Ülkeyi her alanda yangın yerine çeviren, kendisini hesap vermek zorunda hissetmeyen, hiçbir sorumluluk almayan, değil ormanları, canlıları insan hayatını bile umursamayan bir yağma ve talan iktidarıdır karşımızdaki. Bugüne kadar iş cinayetlerinden depremlere, yangınlardan sellere gerçekleşen yüzlerce faciada tek bir istifa gelmedi, hiçbir sorumlu hesap vermedi, felaketlerin ardından önlem alınmadı. Mağdurlar, sonu gelmeyen mahkemelerle, cezasız bırakılan suçlularla, yangınlara açık çadır kentlerle, talan edilen zeytinliklerle, acele kamulaştırma girişimleriyle karşı karşıya bırakıldı, bunun gibi her türlü yolla adeta defalarca ve defalarca cezalandırıldı. Önlem alınmasını isteyenler, haksızlıkları protesto edenler polis şiddetine maruz bırakıldı, yerlerde sürüklendi.

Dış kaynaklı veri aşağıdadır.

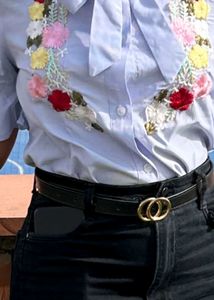 Korean style top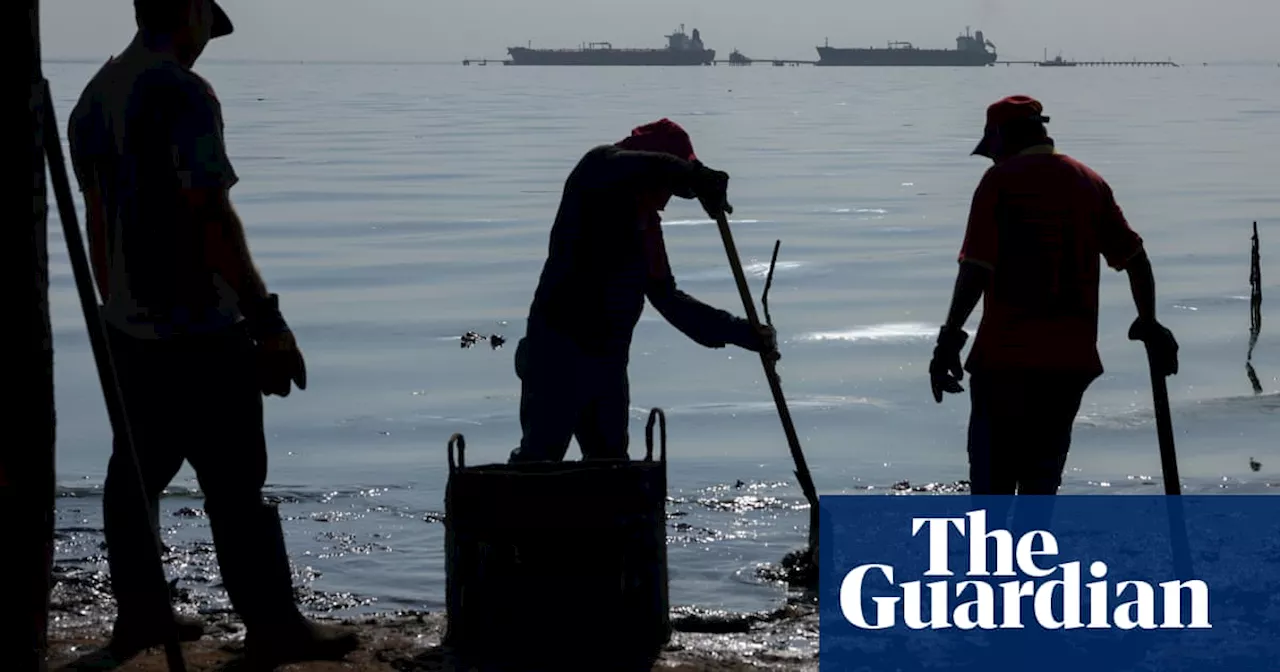 – but it’s not dead’: the mission to save Lake Maracaibo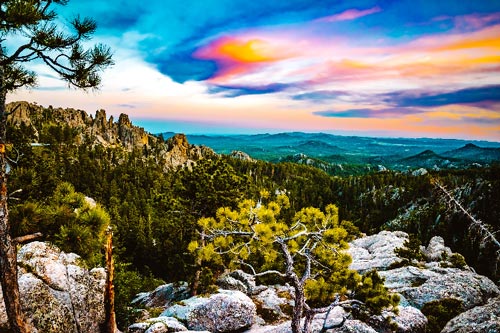 custer south dakota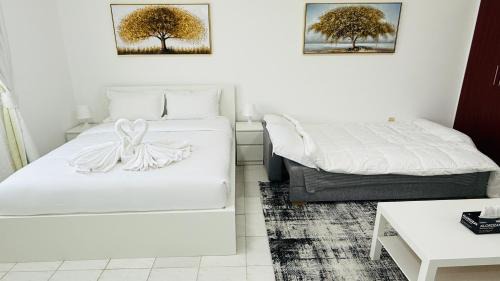 International City Apartamento | Z01 Furnished Studio Garden view International city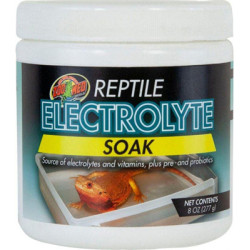 ELECTROLYTE SOAK 227g  ZOOMED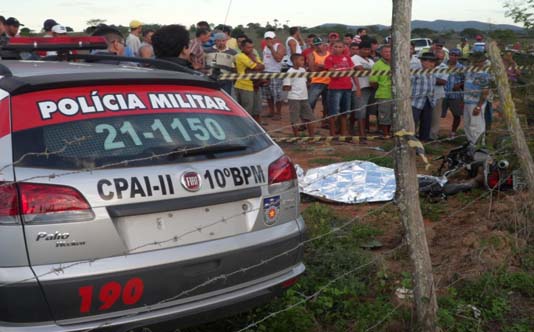 Irmão de vereador de Estrela de Alagoas é morto a tiros em Palmeira dos Índios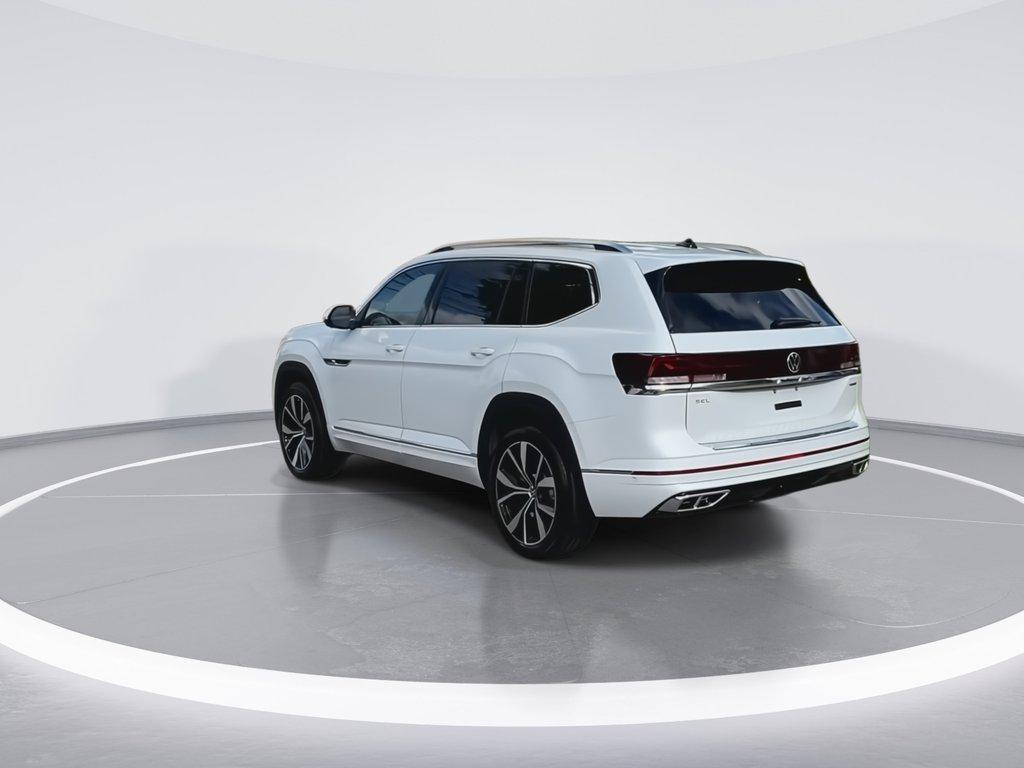 2026 Volkswagen Atlas SEL Premium R-Line - Photo 6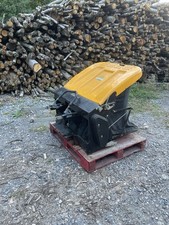 JCB D20-50 Countax D50 Lawn Sweeper Grass Collector unit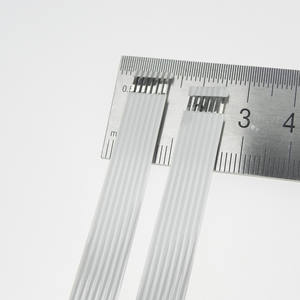 Fabrikant van op maat gemaakte platte flexibele klokveer-spiraalkabel voor Cinta - Product Image 3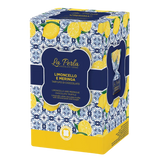 La Perla Chocolate Cioccolato Limoncello & Meringa Box 150g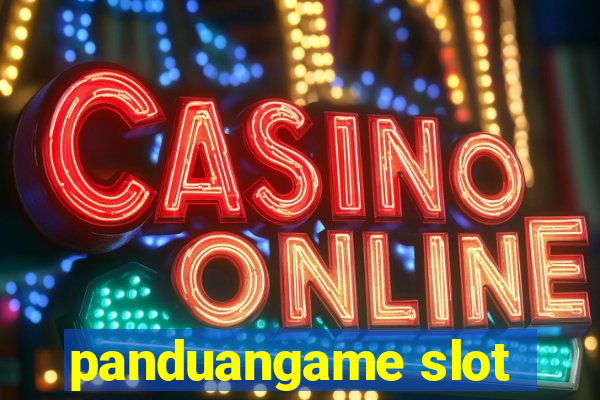 panduangame slot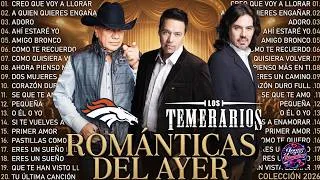 Thumbnail: Los Temerarios y Bronco 💖 Baladas Románticas Inolvidables – Lo Mejor de la Música Grupera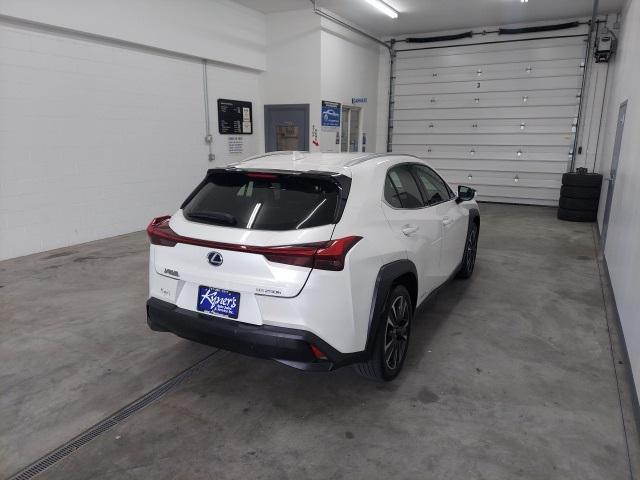 used 2020 Lexus UX 250h car, priced at $24,902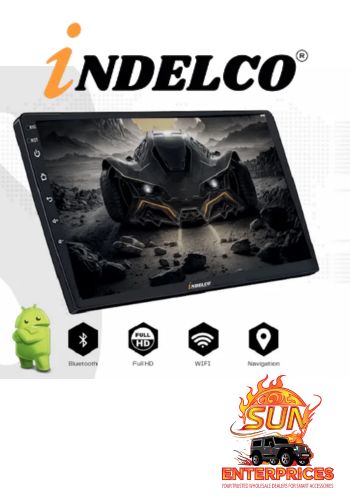 ANDROID PLAYER<br>IND-TRK-10 INCH<br>TRAKET SERIES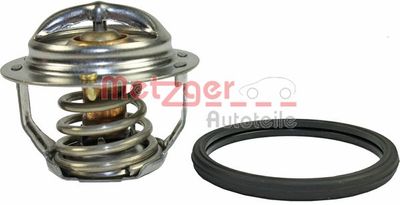 Thermostat, coolant METZGER AUTOTEILE 4006119
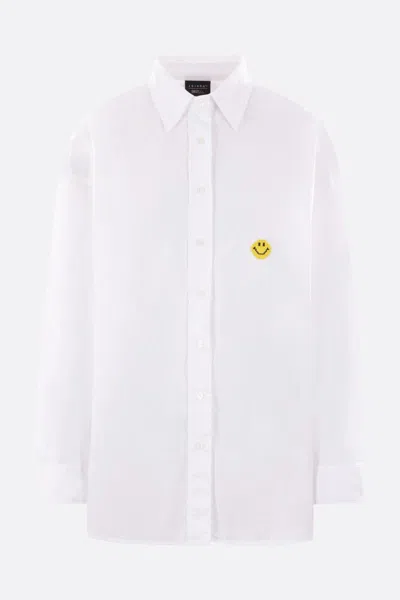 Shop Joshua*s Joshua Sanders Shirts In White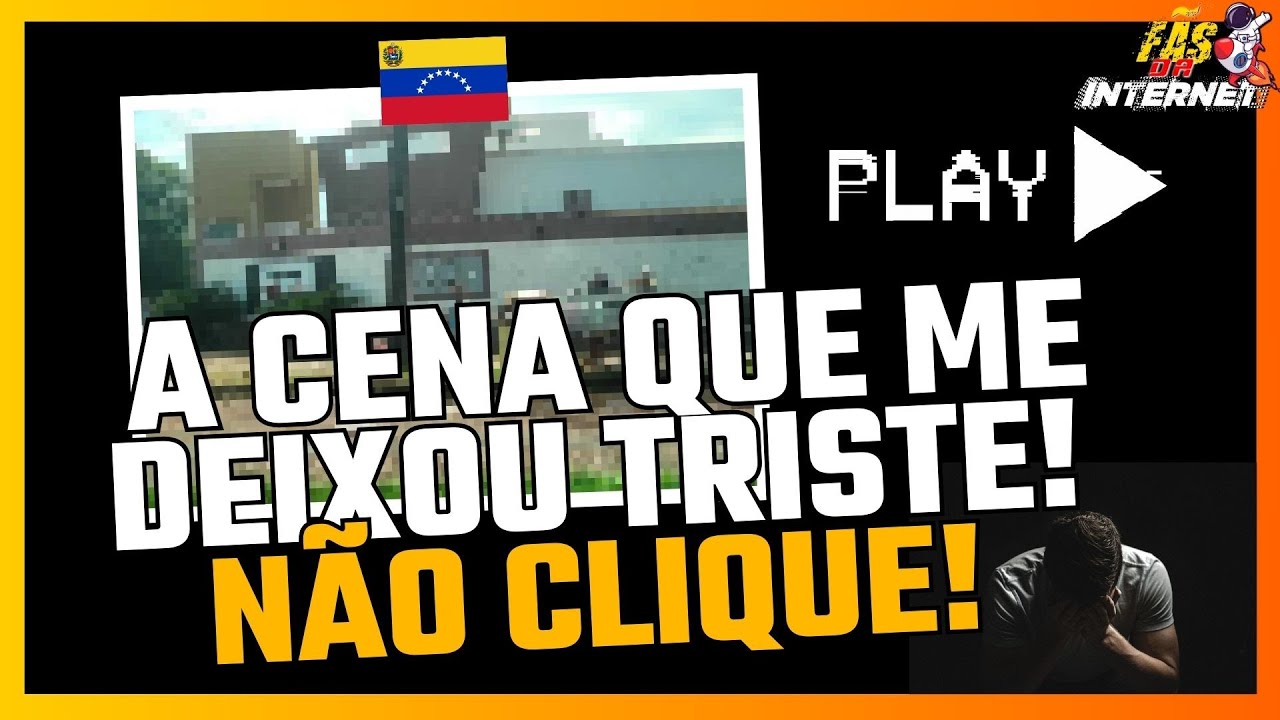 CENA TRISTE NO BRASIL  DE UMA FAMÍLIA DE MIGRANTES VENEZUELANOS NO BRASIL! 😢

Her felakette canımız daha çok yanıyor, içimizdeki öfke katlanarak büyüyor. Ama bilelim ki içimizdeki öfkeyi örgütlü bir güce dönüştüremediğimiz sürece yeni felaketler, katliamlar kapımızda bekliyor olacak. Tam da bu nedenle ne kadar zor görünürse görünsün işçi ve emekçiler olarak birliğimizi, örgütlülüğümüzü örmek zorundayız. Bizi yok sayanlara, canımızı umursamayanlara, işçi-emekçi düşmanlarına karşı örgütlü hareket etmek zorundayız. Çünkü böyle bir yağma, talan ve katliam düzeninin karşısında hayat kurtaran tek şey örgütlülüktür.